After 9/11, so the story goes, people in New York started to keep running sneakers under their desks. On the day of the tragedies, hundreds of thousands had no choice but to walk home, many for hours. Like most of us, those regular people were simply wearing their usual everyday outfit for work including their daily shoes. And those just made the evacuation of downtown Manhattan all that much harder.

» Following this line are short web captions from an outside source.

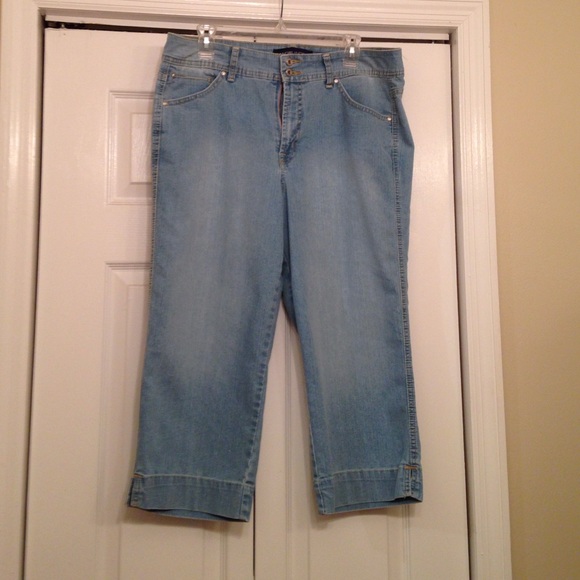 Bandalinoblu Capris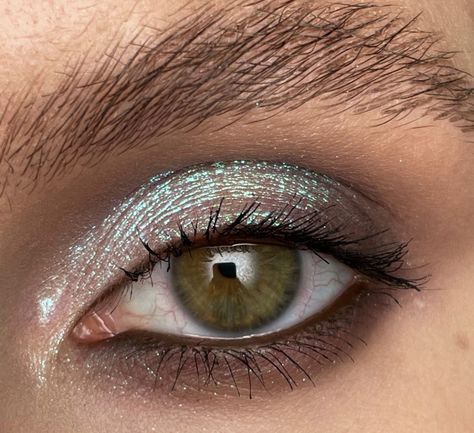 Turquoise Eyeshadow Brown Eyes, Blue Gray Smokey Eye, Makeup For Grey Eyes, Turquoise Eyeshadow, Teal Eyeshadow, Green Eyeshadow Look, Grey Smokey Eye, Eye Ideas, Green Smokey Eye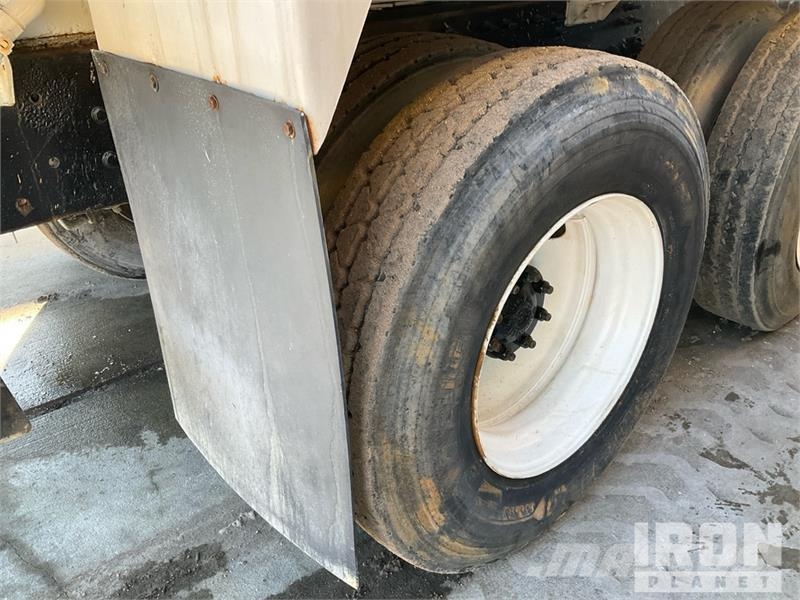 CAT CT660S صهاريج مياه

A decade later there was an earthquake in Japan. Within minutes of the magnitude 9 the subways were at a standstill, the elevated highways were in automatic shutdown and gridlock hit, bringing the city to a halt. And in a re-enactment of that day in 2001, a city started to walk home. Millions of people had no option but to start a long journey. Women in heels, men in leather flats. For many it was too far, home being days rather than hours away by foot. And for many others, they simply didn't know how to get home, living their lives underground, they didn't know which way to go.

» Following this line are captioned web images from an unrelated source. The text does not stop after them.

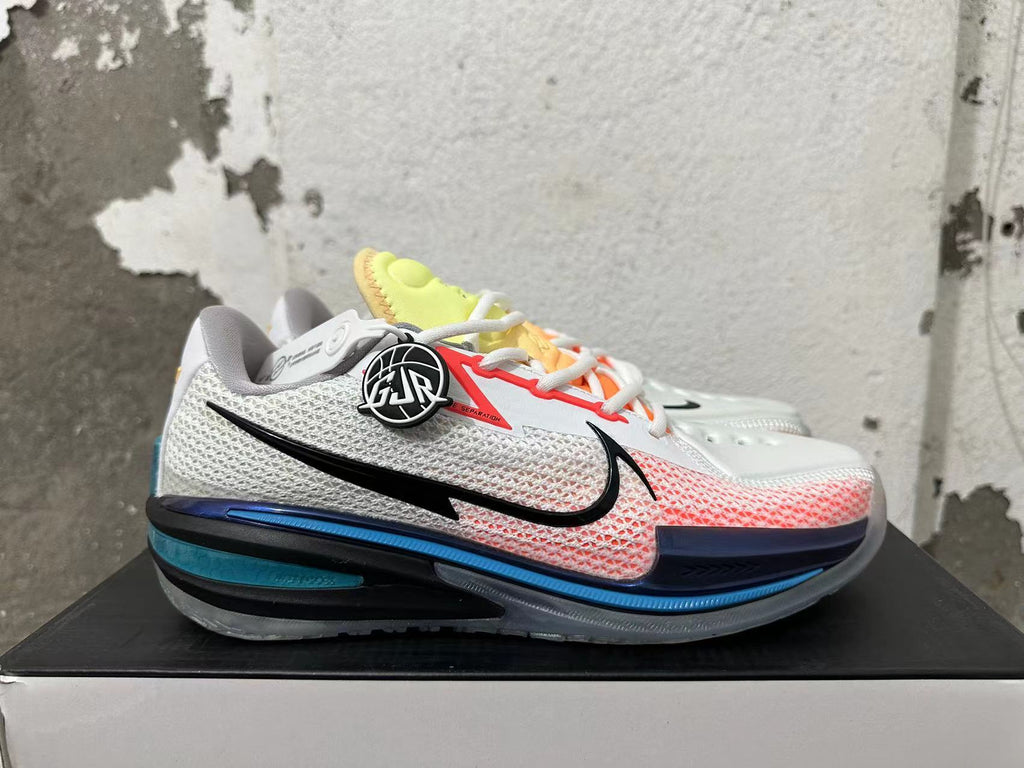 Nike Zoom GT Cut Basketball Shoes White Blue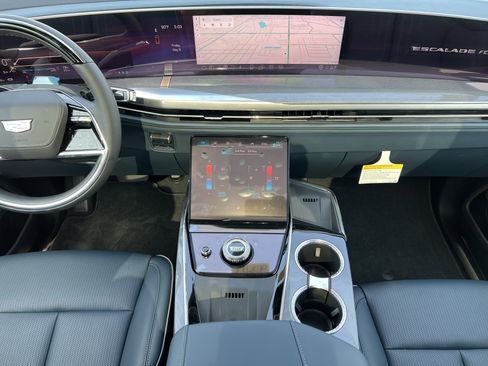 New 2025 Cadillac Escalade IQ Sport 2 w/ LPO, ONYX Package image 17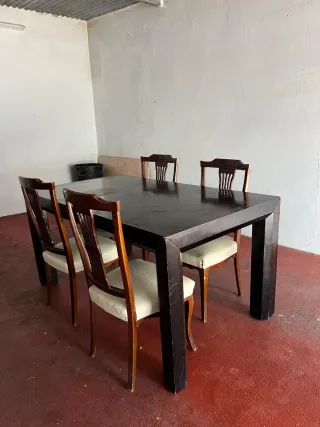 Mesa de comedor madera y metal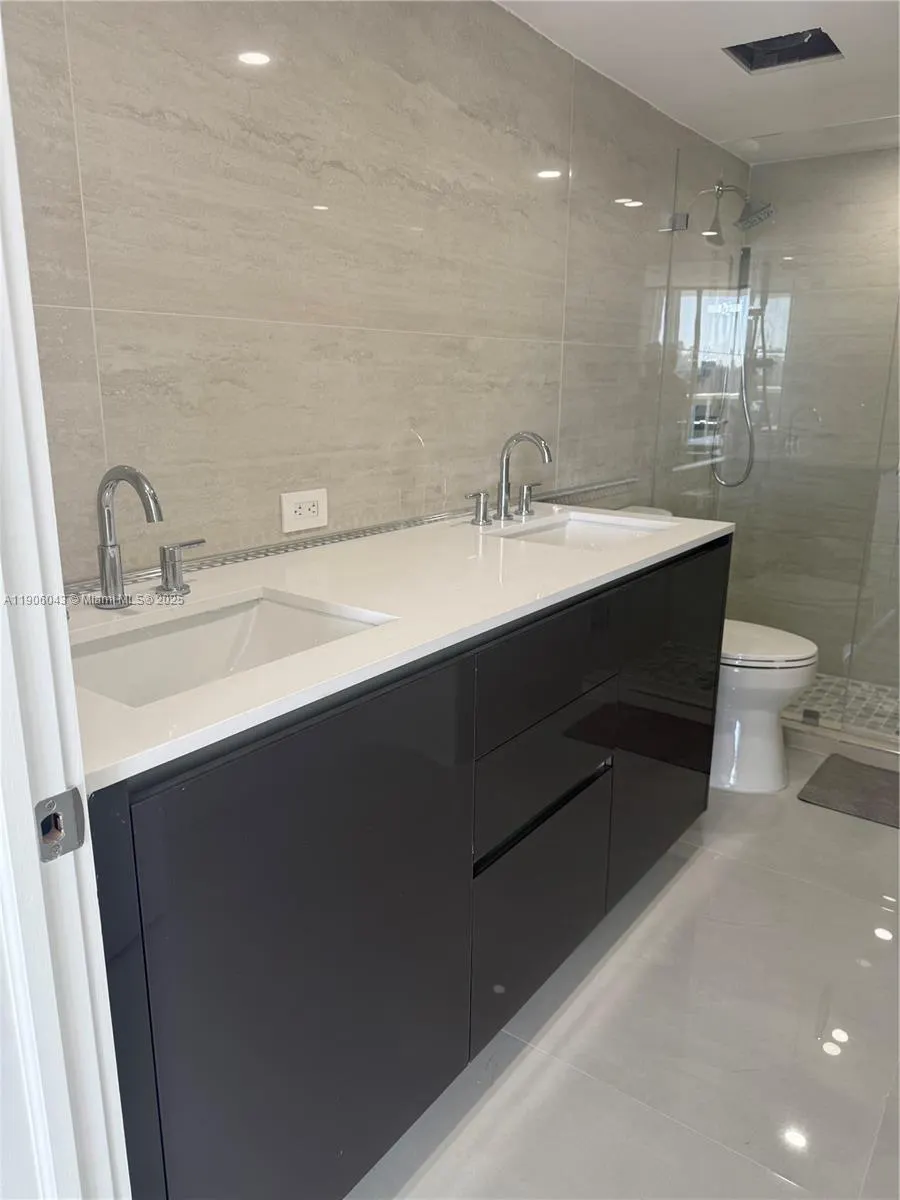 3675 N Country Club Dr, #2606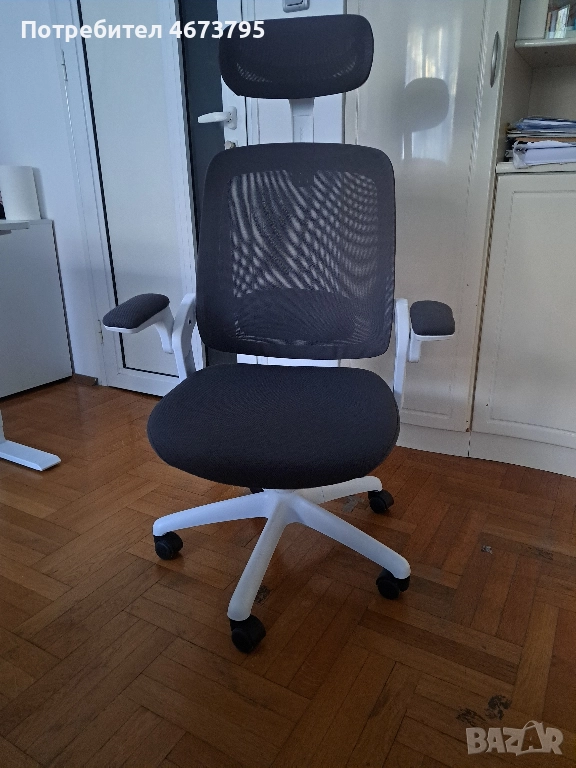 Ергономичен офис стол с колелца, снимка 1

Japan is an organised, consensual culture. As the city closed and people started to move there was no panic despite the continued aftershocks, the first of which, in its own right, was greater than the one that had razed Kobe to the ground. But as the traffic lights turned red, people waited patiently, no pushing and no jostling until the lights turned green again. And then the mass, as one, moved on. And as the city started to slowly recover in the weeks and months to follow, people started to keep running sneakers under their desks.